▶ _Work instructions_: Each line of the data below that contains "Front" must be copied.

START Source data

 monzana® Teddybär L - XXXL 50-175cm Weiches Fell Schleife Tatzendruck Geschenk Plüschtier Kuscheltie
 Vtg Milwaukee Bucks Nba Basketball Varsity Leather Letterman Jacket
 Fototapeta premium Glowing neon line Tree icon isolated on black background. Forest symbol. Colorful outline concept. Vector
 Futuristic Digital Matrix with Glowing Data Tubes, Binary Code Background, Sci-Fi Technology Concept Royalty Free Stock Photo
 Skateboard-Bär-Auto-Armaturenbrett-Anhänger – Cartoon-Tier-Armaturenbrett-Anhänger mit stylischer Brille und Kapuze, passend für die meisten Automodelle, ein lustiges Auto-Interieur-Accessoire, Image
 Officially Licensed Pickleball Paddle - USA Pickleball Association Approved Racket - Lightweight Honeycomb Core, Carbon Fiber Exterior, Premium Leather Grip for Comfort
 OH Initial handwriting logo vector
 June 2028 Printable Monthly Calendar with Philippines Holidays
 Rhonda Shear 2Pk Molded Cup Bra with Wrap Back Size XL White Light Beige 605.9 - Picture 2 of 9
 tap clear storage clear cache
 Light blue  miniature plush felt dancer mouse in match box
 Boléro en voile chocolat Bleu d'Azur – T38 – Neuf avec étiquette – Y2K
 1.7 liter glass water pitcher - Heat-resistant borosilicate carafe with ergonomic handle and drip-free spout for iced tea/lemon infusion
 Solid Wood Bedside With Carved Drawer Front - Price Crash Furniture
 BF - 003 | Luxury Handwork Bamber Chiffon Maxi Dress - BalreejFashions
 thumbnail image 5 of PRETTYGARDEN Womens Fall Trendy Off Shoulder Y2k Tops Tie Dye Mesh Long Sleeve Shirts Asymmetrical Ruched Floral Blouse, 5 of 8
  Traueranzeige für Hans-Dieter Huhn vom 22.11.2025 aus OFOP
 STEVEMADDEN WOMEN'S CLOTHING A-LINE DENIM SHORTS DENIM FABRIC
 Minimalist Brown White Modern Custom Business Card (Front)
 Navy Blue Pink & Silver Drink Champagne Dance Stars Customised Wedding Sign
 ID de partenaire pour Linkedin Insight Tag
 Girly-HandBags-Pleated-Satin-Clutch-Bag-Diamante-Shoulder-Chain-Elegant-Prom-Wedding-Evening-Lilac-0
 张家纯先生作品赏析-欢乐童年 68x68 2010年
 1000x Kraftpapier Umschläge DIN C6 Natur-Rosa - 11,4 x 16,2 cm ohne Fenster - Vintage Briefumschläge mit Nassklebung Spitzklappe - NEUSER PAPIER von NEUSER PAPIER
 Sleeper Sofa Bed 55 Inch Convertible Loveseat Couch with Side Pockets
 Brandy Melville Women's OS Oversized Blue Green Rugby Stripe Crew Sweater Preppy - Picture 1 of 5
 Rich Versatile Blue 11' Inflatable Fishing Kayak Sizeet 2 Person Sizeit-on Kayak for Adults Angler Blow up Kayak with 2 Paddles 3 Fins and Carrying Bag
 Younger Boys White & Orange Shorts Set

END Source data

▶ _Exercise solution_:
 Solid Wood Bedside With Carved Drawer Front - Price Crash Furniture
 Minimalist Brown White Modern Custom Business Card (Front)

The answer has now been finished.